» **What you have to do**
Only the lines from the one holding "0.43 Ct Round" to the end of the data should be echoed, exactly as they appear, minus the pictures.

*** Opening Provided data ***

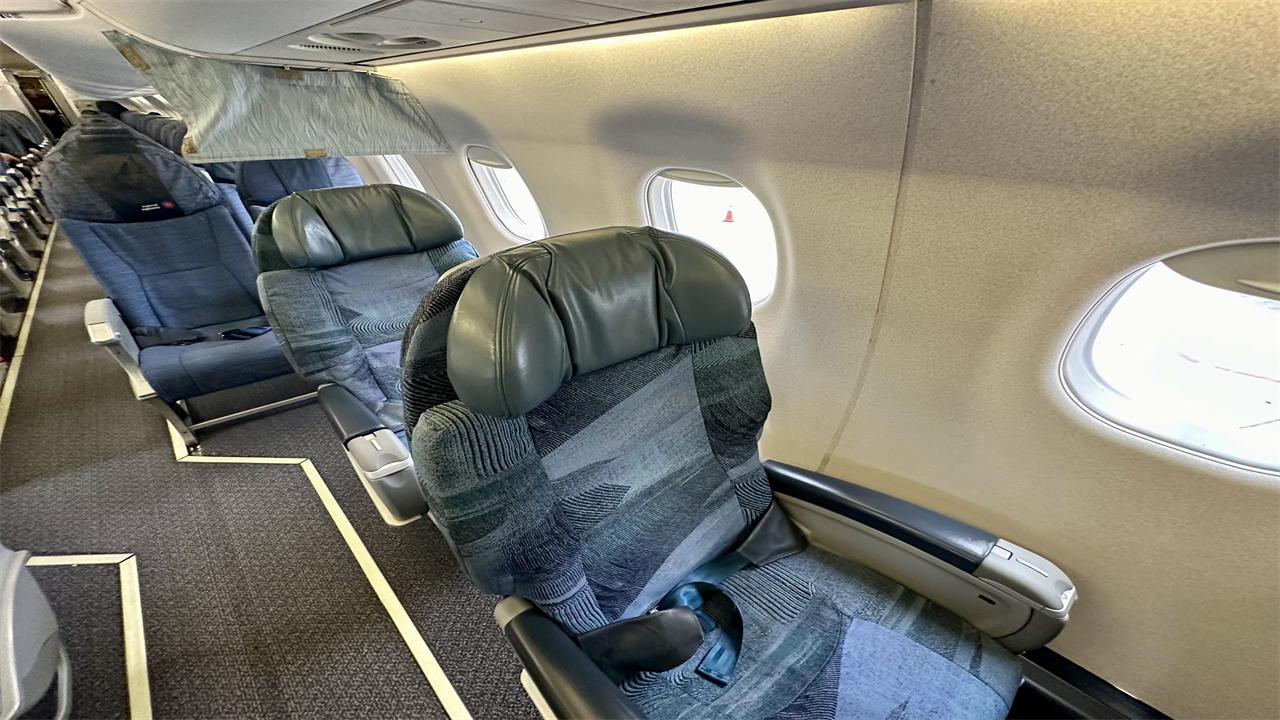 a row of seats on an Air Canada Jazz Business Class E175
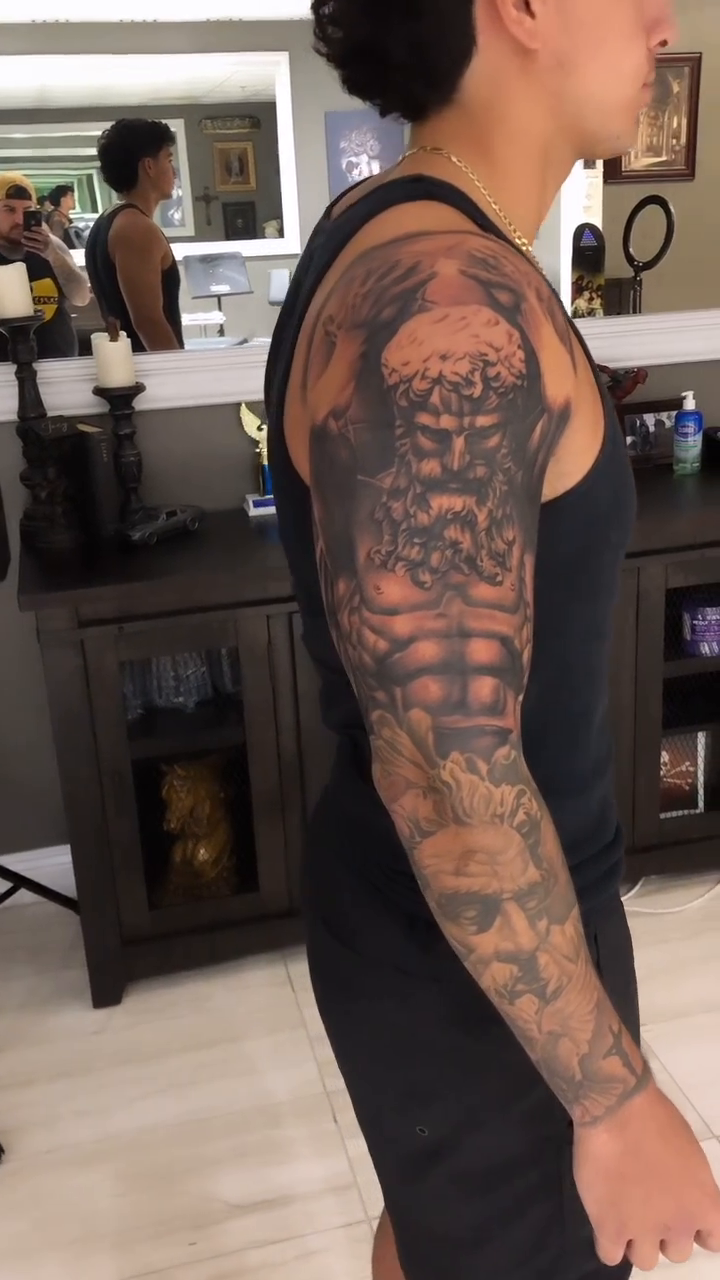Greek god portrait on arm realism tattoo by Danny Rodriguez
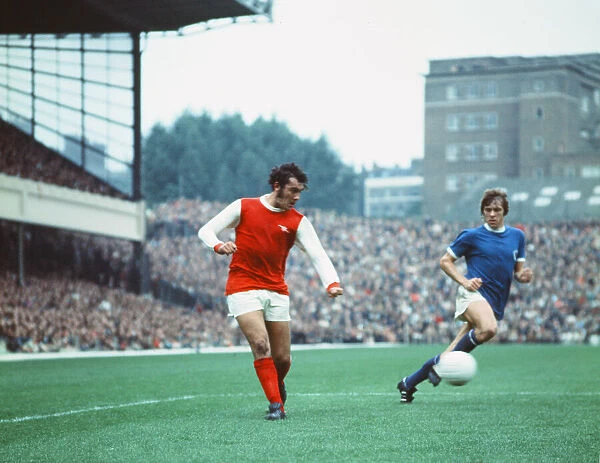 Arsenal footballer Ray Kennedy in action against Leicester City watched by David Nish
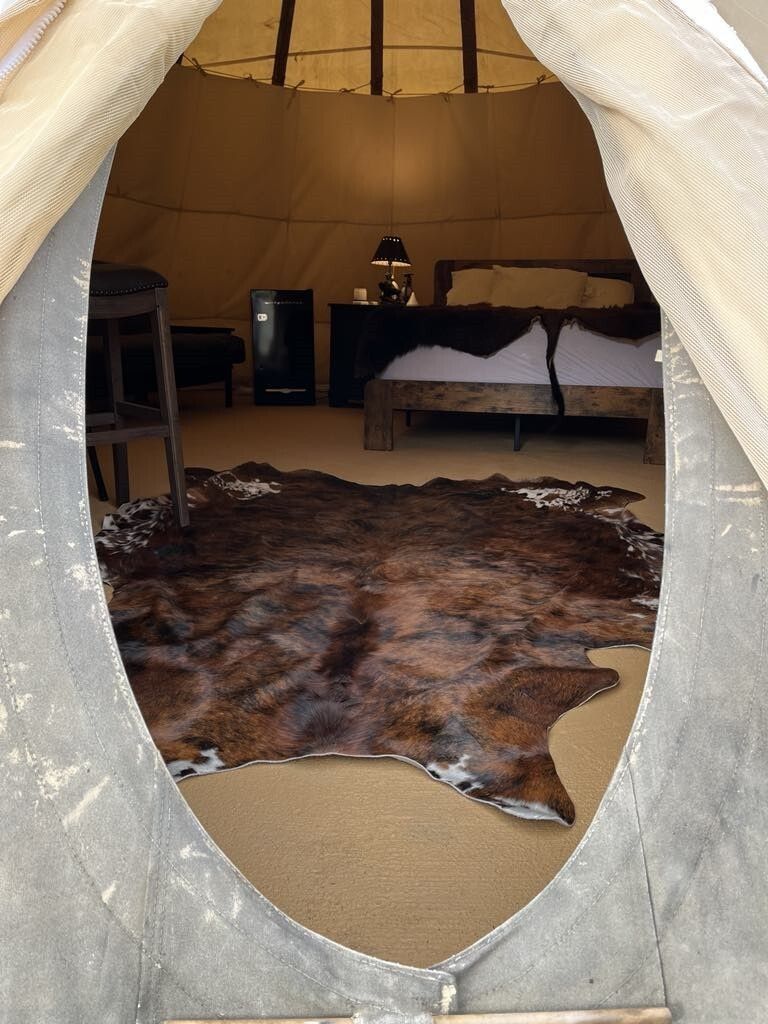A bedroom with a cowhide rug and a bed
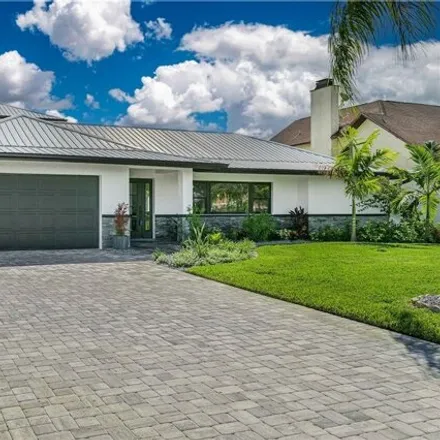 Buy this 4 bed house on 3609 Southeast 21st Place in Cape Coral, FL 33904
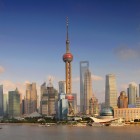Panoramic view of Shanghai, where modern skyscrapers meet historic architecture and green spaces in the heart of the city.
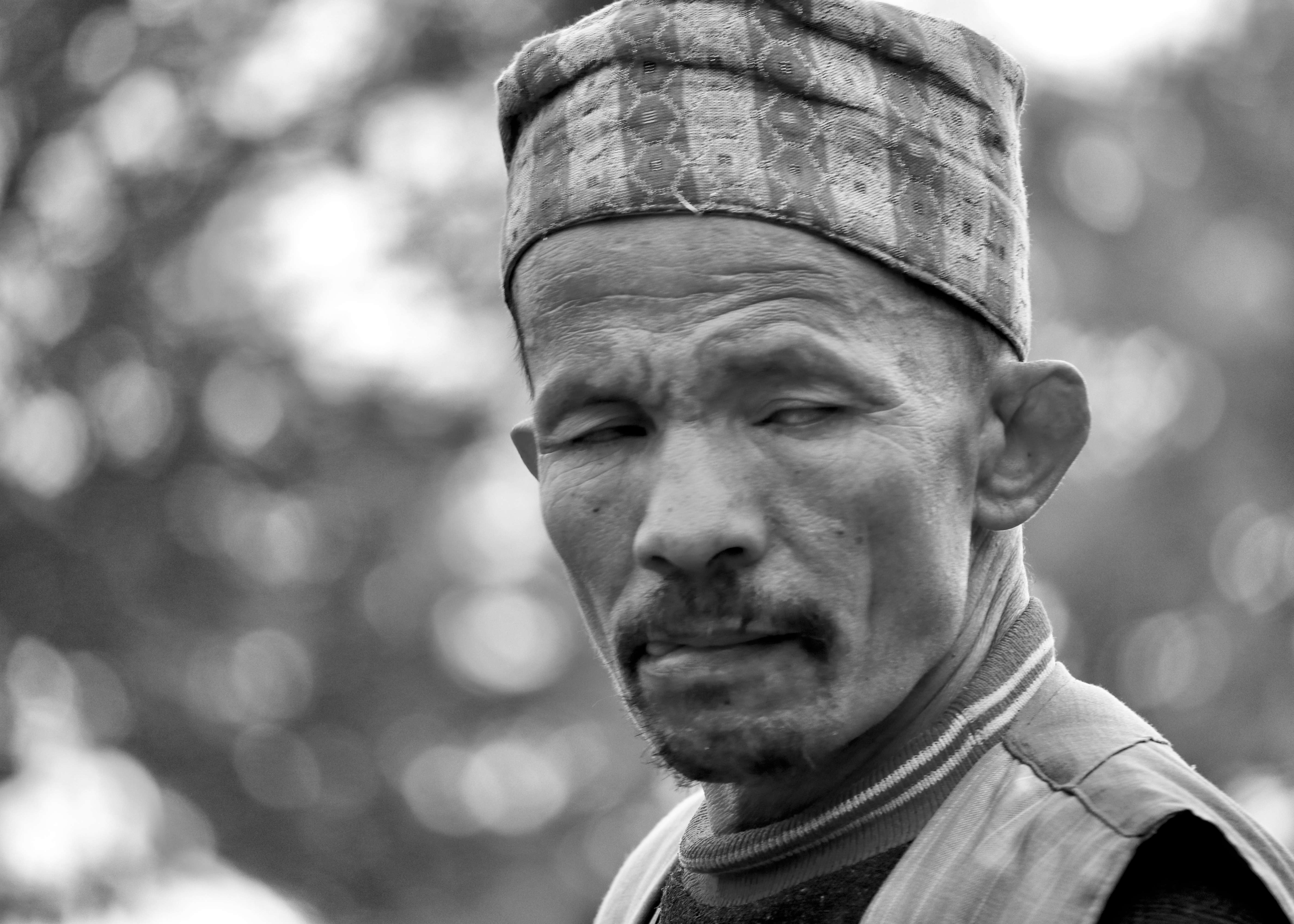 Black and white portrait of elderly man with knit cap showing weathered features - character portrait photography
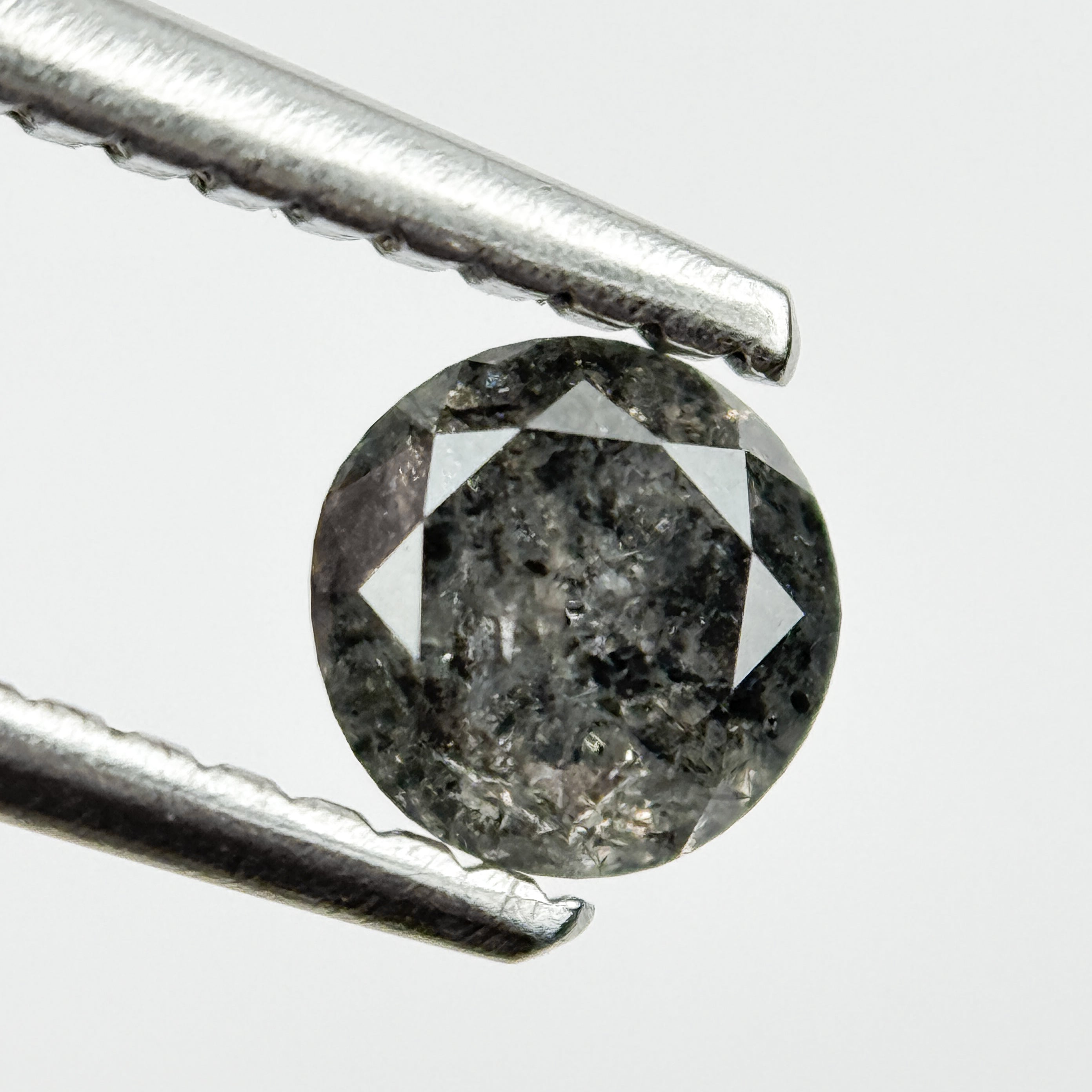 0.43 Ct Round Brilliant Cut Black Natural Salt and Pepper Diamond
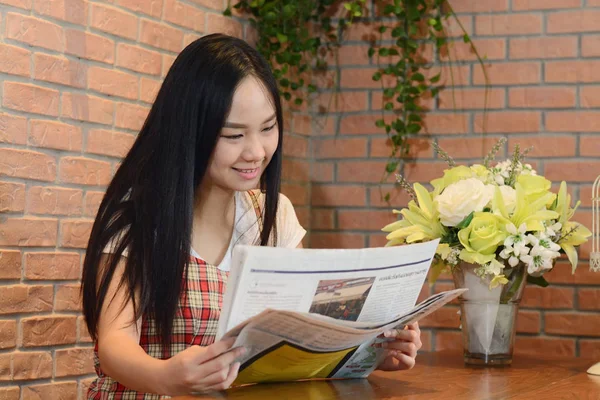 Asiática mujer leyendo periódico en oficina y sonrisa como fondo — Foto de Stock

*** Closing Provided data ***

» **Exercise answer**
 0.43 Ct Round Brilliant Cut Black Natural Salt and Pepper Diamond
 Asiática mujer leyendo periódico en oficina y sonrisa como fondo — Foto de Stock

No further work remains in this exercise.